Today, while opening Google Chrome, I realized that there is no easy way to enable or disable an extension without going to one of the following locations:
- chrome://extensions
- clicking on Tools>Extensions>Enable/Disable
The reason why this is so important, is because of the resources it takes up.
For example: I will be starting up my computer, and I immediately want to open Google Chrome quickly. Let’s say, for instance, that I am running 100 processes before I open Chrome. However, once I open Chrome, that number jumps to 160 because of all the extensions that load when it starts.
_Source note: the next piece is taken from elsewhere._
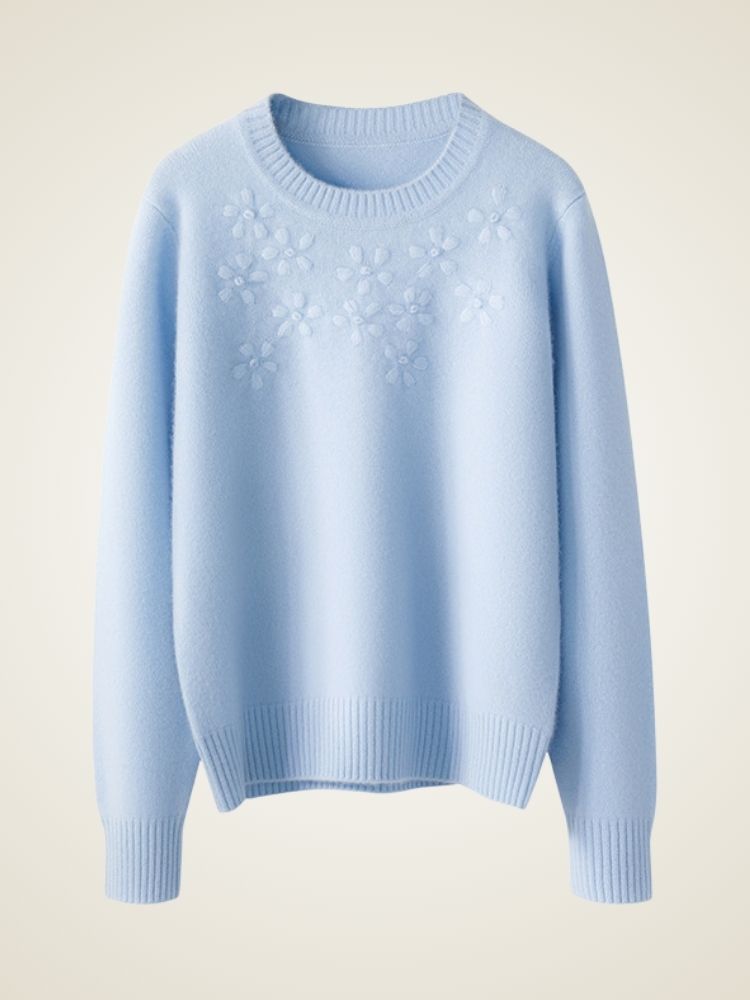 LanlyCashmere Women’s Hand Embroidered Floral Cashmere Sweater – Crew Neck Knit Pullover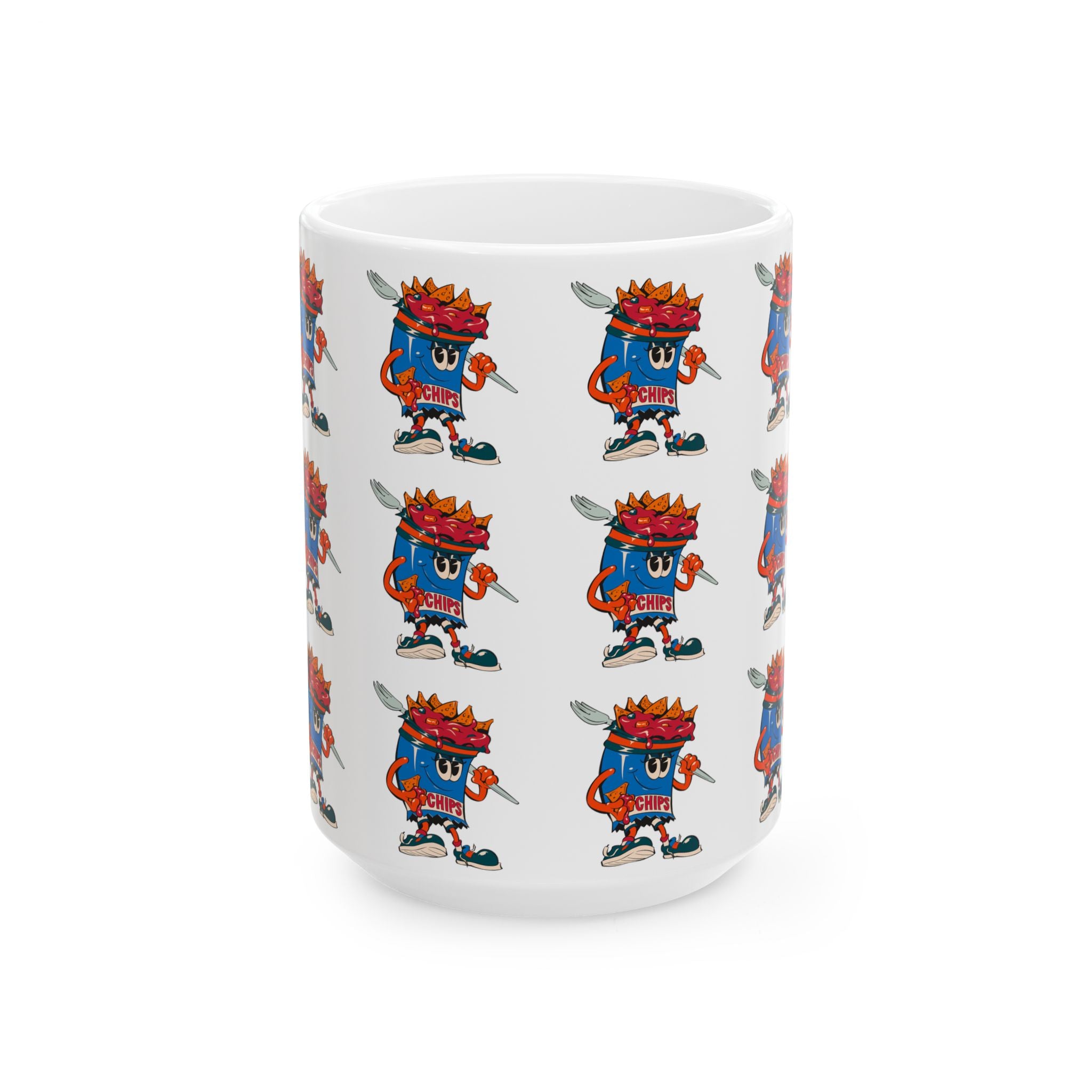 Patterned Ceramic Mug — Gumps Grub Mascot Pattern (11oz, 15oz)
Here is what I am looking to achieve and the current limitations:
Desired Outcome:
Easily enable/disable/uninstall an extension using the console
Limitations:
There is no way to group many extensions, so that they can easily be enabled/disabled
Please let me know if this portion of the question is not allowed/off topic
Chrome stores extension settings in a JSON file named Preferences in your profile directory (here it is ~/.config/google-chrome/Default/Preferences). The enabled/disabled flag is the “state” key for each extension, with 1 for enabled and 0 for disabled. You could write a script that modified this file before you start Chrome. You could set this script to run on log-in, and even to launch Chrome at the end, if you wanted to auto-start Chrome. Store a list of extensions you want to explicitly disable pre-launch to select only some of them.
I would make certain you don’t update Preferences while Chrome is running.
This works for me, and is likely to work on any *nix-like system. Porting to Windows should be fairly straight-forward: chrome_dir and the check for whether Chrome is running or not may be the only changes required.